Exercise:
Go through the data and retrieve each line that includes the string "Sofa".

Data provided:

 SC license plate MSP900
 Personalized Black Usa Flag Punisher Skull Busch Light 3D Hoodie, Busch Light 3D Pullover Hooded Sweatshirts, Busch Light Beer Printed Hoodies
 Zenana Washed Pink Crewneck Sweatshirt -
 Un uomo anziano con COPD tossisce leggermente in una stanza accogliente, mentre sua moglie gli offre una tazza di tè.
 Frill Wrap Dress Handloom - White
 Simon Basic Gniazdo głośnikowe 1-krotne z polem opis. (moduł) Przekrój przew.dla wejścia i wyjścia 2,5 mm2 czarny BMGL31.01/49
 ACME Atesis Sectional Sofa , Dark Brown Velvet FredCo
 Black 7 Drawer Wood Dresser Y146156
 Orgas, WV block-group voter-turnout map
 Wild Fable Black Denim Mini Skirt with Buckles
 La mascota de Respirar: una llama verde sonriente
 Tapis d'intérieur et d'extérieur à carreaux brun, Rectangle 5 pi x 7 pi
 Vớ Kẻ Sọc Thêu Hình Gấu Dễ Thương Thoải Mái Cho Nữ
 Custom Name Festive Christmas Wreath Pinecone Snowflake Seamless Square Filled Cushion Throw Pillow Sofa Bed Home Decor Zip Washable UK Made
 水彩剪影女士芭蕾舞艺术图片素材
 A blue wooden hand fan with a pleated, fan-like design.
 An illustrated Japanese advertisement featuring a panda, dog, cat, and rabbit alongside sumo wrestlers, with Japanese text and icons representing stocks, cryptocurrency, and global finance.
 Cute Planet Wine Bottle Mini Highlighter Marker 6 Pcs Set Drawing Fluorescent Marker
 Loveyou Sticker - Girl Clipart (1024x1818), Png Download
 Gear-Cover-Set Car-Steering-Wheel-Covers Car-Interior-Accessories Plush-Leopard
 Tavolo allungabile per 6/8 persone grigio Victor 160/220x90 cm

Output:
 ACME Atesis Sectional Sofa , Dark Brown Velvet FredCo
 Custom Name Festive Christmas Wreath Pinecone Snowflake Seamless Square Filled Cushion Throw Pillow Sofa Bed Home Decor Zip Washable UK Made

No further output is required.